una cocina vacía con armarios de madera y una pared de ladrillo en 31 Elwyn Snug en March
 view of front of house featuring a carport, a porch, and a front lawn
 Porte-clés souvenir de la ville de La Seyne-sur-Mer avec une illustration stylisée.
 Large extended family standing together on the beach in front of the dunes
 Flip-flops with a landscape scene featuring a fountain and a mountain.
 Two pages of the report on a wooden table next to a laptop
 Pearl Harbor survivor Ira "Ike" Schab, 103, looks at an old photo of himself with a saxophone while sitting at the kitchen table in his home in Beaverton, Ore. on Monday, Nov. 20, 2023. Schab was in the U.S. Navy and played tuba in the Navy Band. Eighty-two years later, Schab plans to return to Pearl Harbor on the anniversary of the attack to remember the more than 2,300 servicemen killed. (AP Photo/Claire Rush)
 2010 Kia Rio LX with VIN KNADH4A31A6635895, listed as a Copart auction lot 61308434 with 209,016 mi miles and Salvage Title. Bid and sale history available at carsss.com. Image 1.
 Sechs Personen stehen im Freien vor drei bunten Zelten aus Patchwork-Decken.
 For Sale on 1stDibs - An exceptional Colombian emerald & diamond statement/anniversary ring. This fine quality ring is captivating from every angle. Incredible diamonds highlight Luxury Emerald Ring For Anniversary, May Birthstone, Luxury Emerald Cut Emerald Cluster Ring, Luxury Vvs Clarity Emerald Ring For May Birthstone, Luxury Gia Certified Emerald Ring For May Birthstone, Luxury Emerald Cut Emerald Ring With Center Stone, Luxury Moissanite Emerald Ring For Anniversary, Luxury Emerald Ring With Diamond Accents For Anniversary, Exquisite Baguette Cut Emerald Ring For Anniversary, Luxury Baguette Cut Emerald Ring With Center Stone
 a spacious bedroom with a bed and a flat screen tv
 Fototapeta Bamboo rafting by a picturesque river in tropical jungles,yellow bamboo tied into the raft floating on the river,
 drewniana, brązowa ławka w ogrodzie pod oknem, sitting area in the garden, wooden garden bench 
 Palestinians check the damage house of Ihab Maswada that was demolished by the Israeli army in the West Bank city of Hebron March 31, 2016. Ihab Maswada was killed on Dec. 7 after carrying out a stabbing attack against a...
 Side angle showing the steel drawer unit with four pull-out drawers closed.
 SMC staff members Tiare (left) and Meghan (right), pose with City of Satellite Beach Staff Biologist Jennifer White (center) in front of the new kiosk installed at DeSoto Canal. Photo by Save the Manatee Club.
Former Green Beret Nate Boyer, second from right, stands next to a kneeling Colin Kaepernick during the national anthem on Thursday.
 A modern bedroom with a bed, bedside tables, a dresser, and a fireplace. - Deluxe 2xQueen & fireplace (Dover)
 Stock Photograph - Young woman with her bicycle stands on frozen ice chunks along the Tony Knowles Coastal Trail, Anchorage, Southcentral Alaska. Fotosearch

• • •

**Task details**
Report each line of the listing above that uses the word "house".

**Answer below**
 view of front of house featuring a carport, a porch, and a front lawn
 Palestinians check the damage house of Ihab Maswada that was demolished by the Israeli army in the West Bank city of Hebron March 31, 2016. Ihab Maswada was killed on Dec. 7 after carrying out a stabbing attack against a...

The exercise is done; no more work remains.